Who’s Still Standing” Following Spokeo, Inc. v. Robins?

From the first month of district court decisions issued since the United States Supreme Court decided Spokeo, Inc. v. Robins, No. 13-1339, 2016 WL 2842447, *3 (U.S. May 16, 2016), it appears the needle on Article III standing has moved slightly, but so far only slightly, in favor of the defense. Spokeo held that (i) in order to establish Article III standing, a plaintiff must allege an injury-in-fact that is both “concrete and particularized,” and (ii) the plaintiff cannot “automatically satisf[y] the injury-in-fact requirement whenever a statute grants a person a statutory right and purports to authorize that person to sue to vindicate that right.” Courts have begun to give that requirement teeth, dismissing claims where a defendant may have violated a statute’s technical requirements, but where the plaintiff suffered no adverse consequence as a result. At the same time, however, courts have recognized Spokeo’s other holding that a “concrete” injury is not necessarily synonymous with a “tangible” injury, and that the “risk of real harm” counts as such an injury (even when such harm has not materialized). Dismissals on Spokeo grounds, therefore, have been sparse.
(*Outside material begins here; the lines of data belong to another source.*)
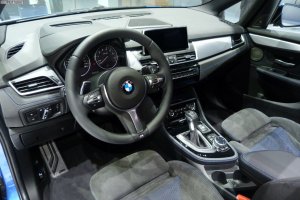 BMW-2er-Active-Tourer-F45-225i-M-Paket-Estorilblau-Genf-2014-LIVE-06.jpg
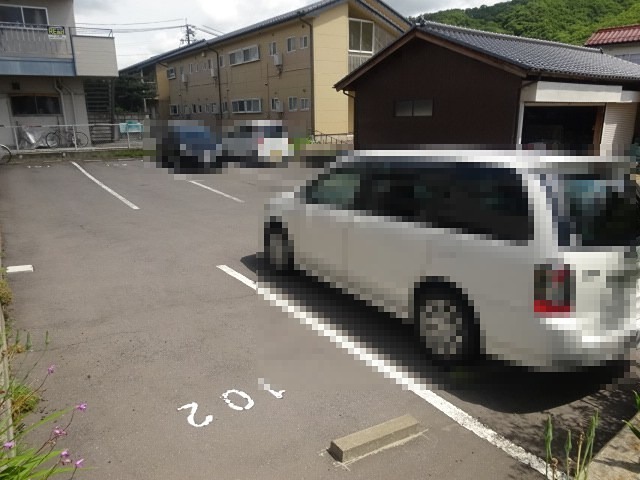 α-TIME 駐車場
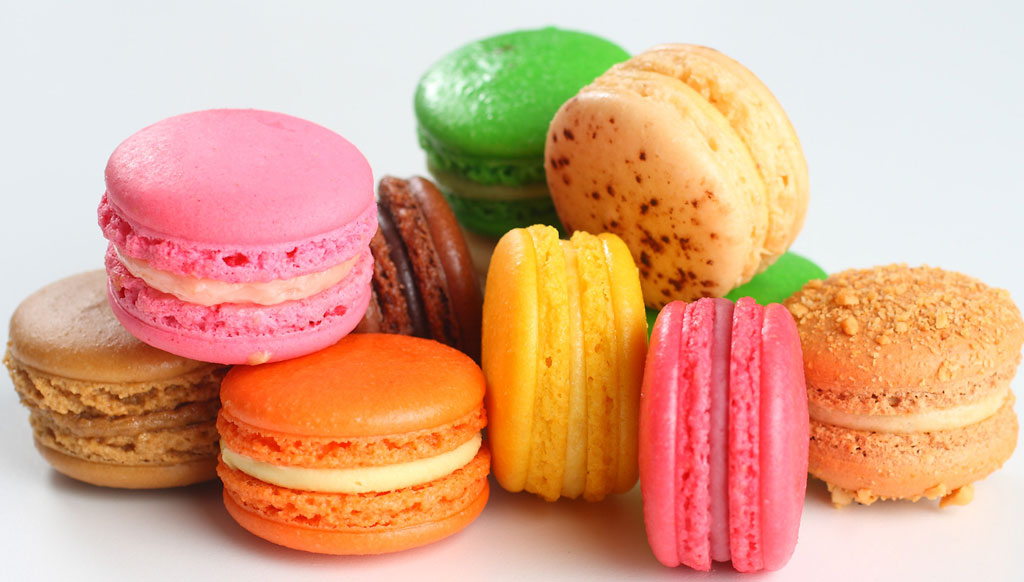 The Luxe Café curates the best Holi gift ideas The Luxe Café curates the best Holi gift ideas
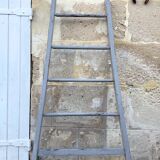 Ancienne échelle de ferme en bois patiné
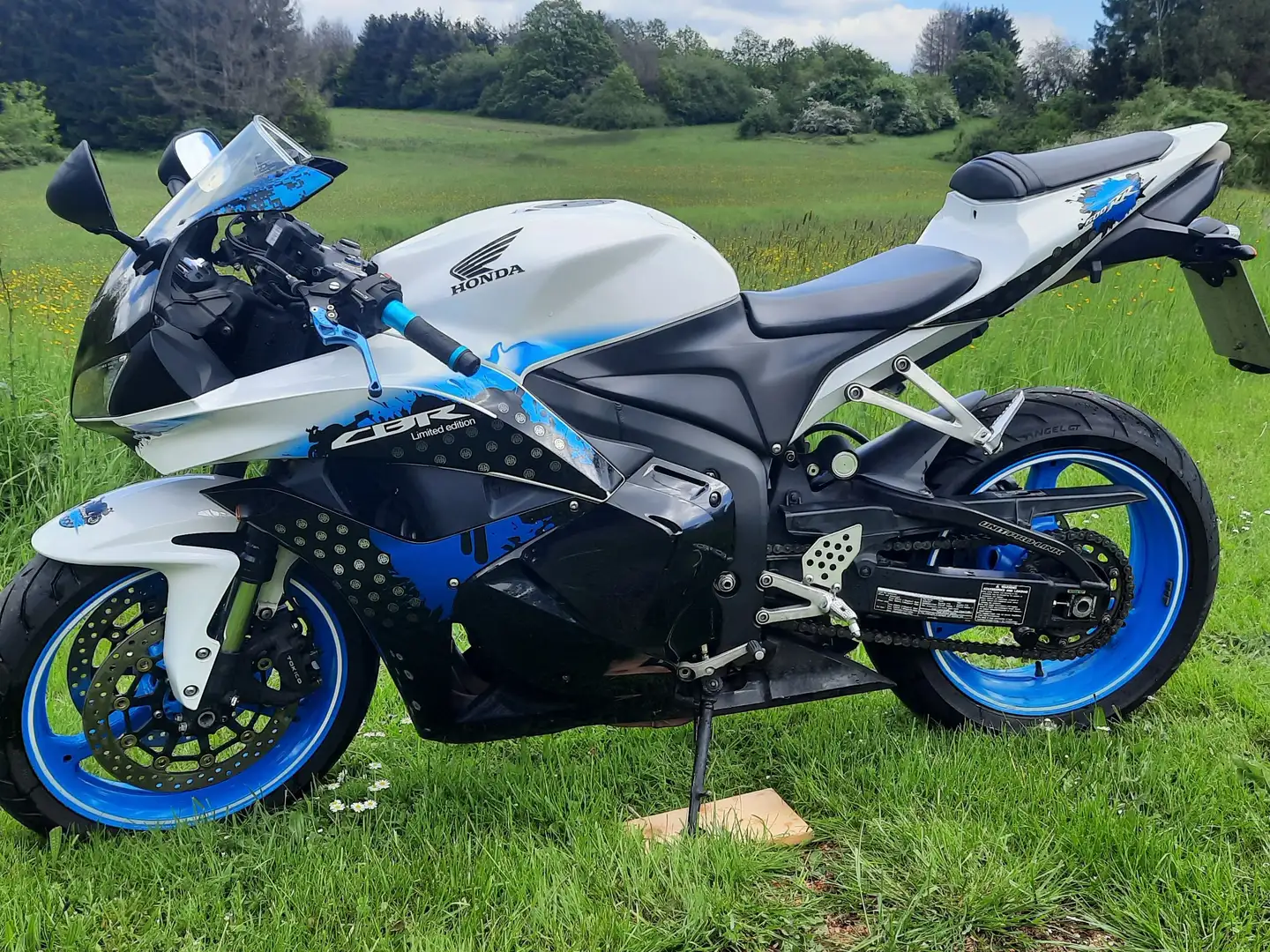 Honda CBR 600 RR - 1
Just days after Spokeo was decided, U.S. District Judge Theodore Chuang cited the decision while remanding a data breach class action against the Children’s National Health System to Maryland state court. See Khan v. Children’s Nat’l Health Sys., No. 8:15-cv-02125, 2016 WL 2946165, at *7 (D. Md. May 19, 2016). In that suit, plaintiff alleged that her sensitive personal information had been compromised, and that defendant did not take sufficient steps to protect it; however, despite plaintiff’s “concern” that her personal information would be misused, she did not claim that she or anyone else had actually been affected by the data breach. Judge Chuang found that under these circumstances, plaintiff did not satisfy Spokeo’s newly articulated injury-in-fact standard, because there were no allegations indicating: “either actual misuse of the personal data or facts indicating a clear intent to engage in such misuse with plaintiffs’ data…” Id. at 8. The court concluded that it lacked subject matter jurisdiction, and remanded the case to state court.

More recently, the Eastern District of Wisconsin similarly applied Spokeo to dismiss a putative class action brought under the Cable Communication Policy Act (“CCPA”). See Gubala v. Time Warner Cable, Inc., No. 15-cv-1078 (E.D. Wisc. June 17, 2016). The Complaint alleged that defendant collected, and continued to maintain indefinitely, consumers’ personally identifiable information in violation of the CCPA’s provision that such information be destroyed when no longer necessary for the purpose for which it was collected. The Complaint did not allege, however, that defendant distributed, sold, or otherwise disclosed plaintiff’s information to any third party. The Court found that under these circumstances, Plaintiff failed to satisfy the “concrete” injury prong of the Spokeo analysis, and dismissed the case for lack of Article III standing.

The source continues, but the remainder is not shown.